This afternoon, I went to a seminar given by Brent Davis (http://brentdaviscalgary.appspot.com/); currently visiting the UK from the University of Calgary. He was speaking about complexity thinking – and ways in which this approach can be applied to the study of the knowledge that mathematics teachers need for teaching.
The main point of interest for me was the idea that teachers do not necessarily know what they know. Even the very best teachers, who create the most valuable learning opportunities for chilfdren, do not draw on their mathematical knowledge in a conscious or systematic way. This is partly due to the fact that teachers of maths think in a very different way to children learning maths for the first time.
Brent gave some example of work he has done with teachers using Concept Studies – a means of revealing tacit knowledge about mathematical concepts. One example given of a Concept Study involved mulitplication. There are a number of ways to conceive of multiplication; as repeated addition, as grouping, as an area or array, as the compression or stretching of a number line, as a linear function, and so on. Different conceptions lead to very different implications for other aspects of mathematical thinking. One exmaple given was that the number 1 is a prime number under some conecptions but not under others.

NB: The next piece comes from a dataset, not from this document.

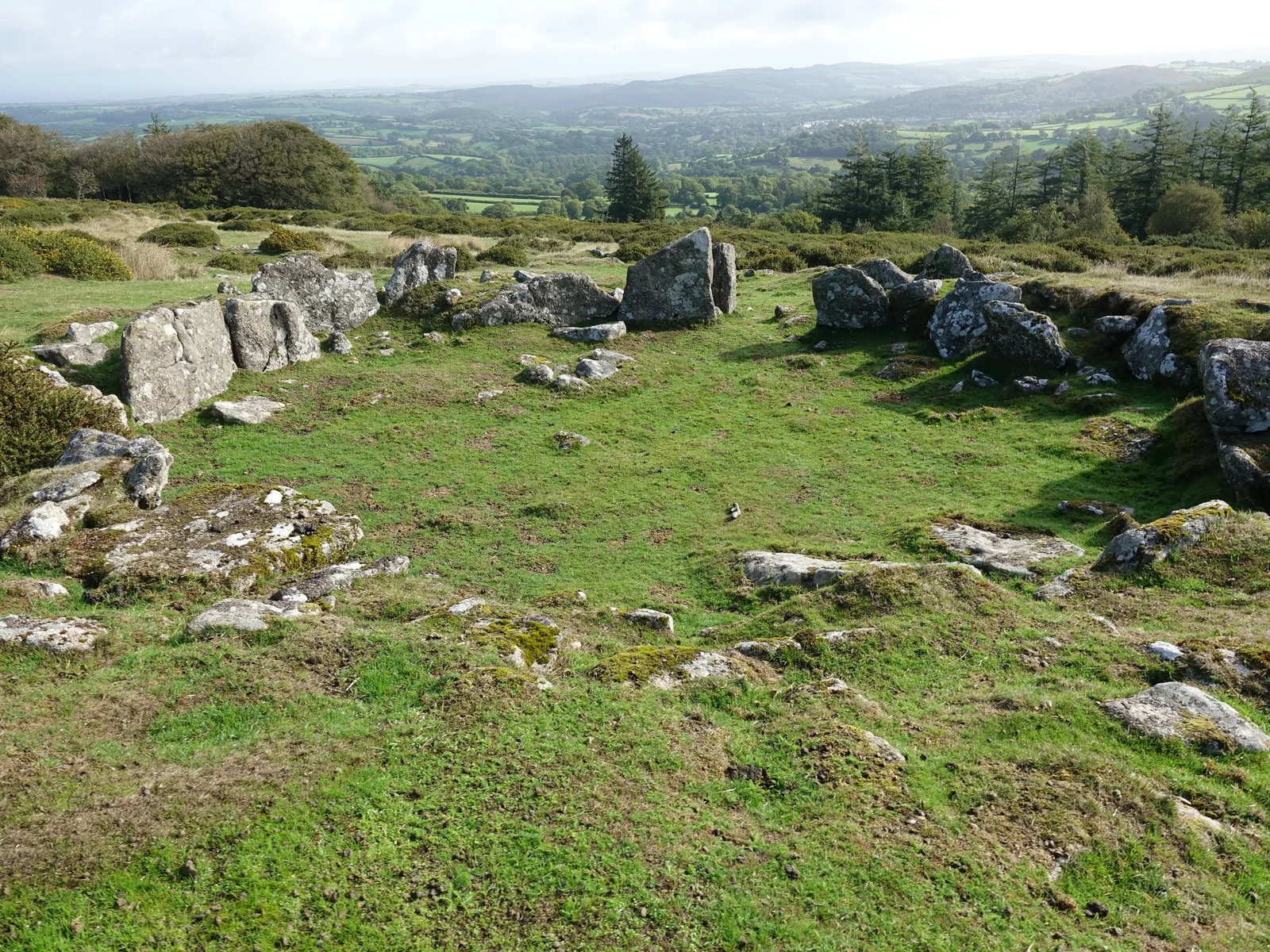 Roundhouse on Teigncombe Tor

So part of the difficulty of teaching and learning mathematics comes from the fact that, while teachers might be drawing on a variety of conceptions of mathematical objects and processes (even if not in a conscious way), children are often not aware either of what these conceptions are, which are appropriate for the task at hand, and what implications each might have. Brent was saying that the conduct of Concept Studies can transform a teacher’s practice by revealing these aspects of tacit knowledge – a teacher’s awareness of the metaphors being used, and an awareness of the extent to which particular conception are or are not consistent with particular tasks can tranform the experience of a learner.

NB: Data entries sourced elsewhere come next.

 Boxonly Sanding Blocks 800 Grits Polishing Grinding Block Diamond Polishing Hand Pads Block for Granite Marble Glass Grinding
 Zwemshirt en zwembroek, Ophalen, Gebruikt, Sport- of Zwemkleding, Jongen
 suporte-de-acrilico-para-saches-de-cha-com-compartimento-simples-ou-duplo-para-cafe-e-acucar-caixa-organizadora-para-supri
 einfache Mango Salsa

This reminded me of my work on interdisciplinarity. Part of the difficulty of interdisciplinary research consists in the tacit assumptions, conventions and traditons of the discipline that a researcher carries with them. The reason that this is problematic is that it is often the case that different researchers carry tacit content that is not compatible with that of other researchers. Successful interdisciplinary work must therefore involve some revelation of this tacit content.